White Apple Passion

White Apple Passion
for Health & Passion in Life

Saturday, January 18, 2014

Mom and Me



    * My Journal * When my parents were growing up both of them lost their fathers at a very young and tender age.  Mom lost her mother when she was only about 19 or 20 years old.  Her mother was bedridden, not knowing who she was for years before she passed.  As a “self absorbed” daughter I never thought much of it.  I had my mom and dad…Parents don’t need their parents…right?  Ha!…What do I know!!!???  Not until Dad was over 80 years old, during one of our dear conversations, my father expressed sadness to me over not having his father around as a small child and beyond.
    When I heard this I felt bad. I felt really bad that it didn’t “cross my mind” or concern me that my own father did not have a father “figure” for most or pretty much all of his life.  I can’t imagine that for myself.
So, I guess I should obviously feel blessed for the time I have had with my own mother and father. And I do.  But  I am also selfish…still want them around…still want to be able to tell them what’s going on in my life, and what’s not going on in my life...I want them STILL to  help me parent my own kids nearly grown now.....no matter how old I am or how old I get.
    OK.....but....Mom is STILL physically here.  I want to tell her stuff.  I want to go on errands with her.  I want to bake Dad’s favorite pumpkin pie with her.  And I want Dad here to enjoy the finished homeade product.  It can only be a memory…indeed...a good memory that no one can take away from me.
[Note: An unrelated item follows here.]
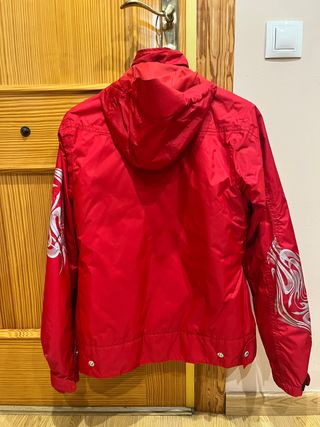 Chaquetón rojo Adidas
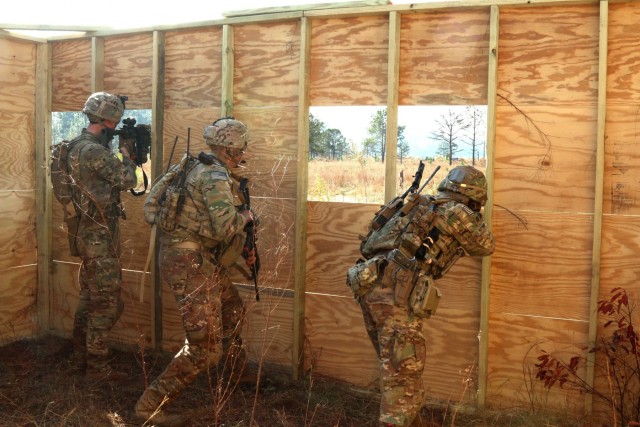 1st SFAB develops combat readiness with first-ever Live Fire Training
    The photo I show is a recent picture of Mom and me.  Mostly I just stare at her. I talk to her as well. I tell her I love her. Sometimes she seems to notice but not so much anymore. She still “jibber jabbers” when she has the energy.  On this day as I held her hand, she “suckled” my finger.  I believe she was kissing me.  I will cherish that moment.  It’s all I have with her.  It needs to be OK.  So, I guess… I think….that ought to be put on the list as a blessed good thing.  And it truly is.
    Mom turns 85 on Monday.  Happy Birthday my dear mother.  Love you.

2 comments:

  1. Sigh. Just at the road leading up to this journey too. Your open heart and candid thoughts are wonderful. Thank you.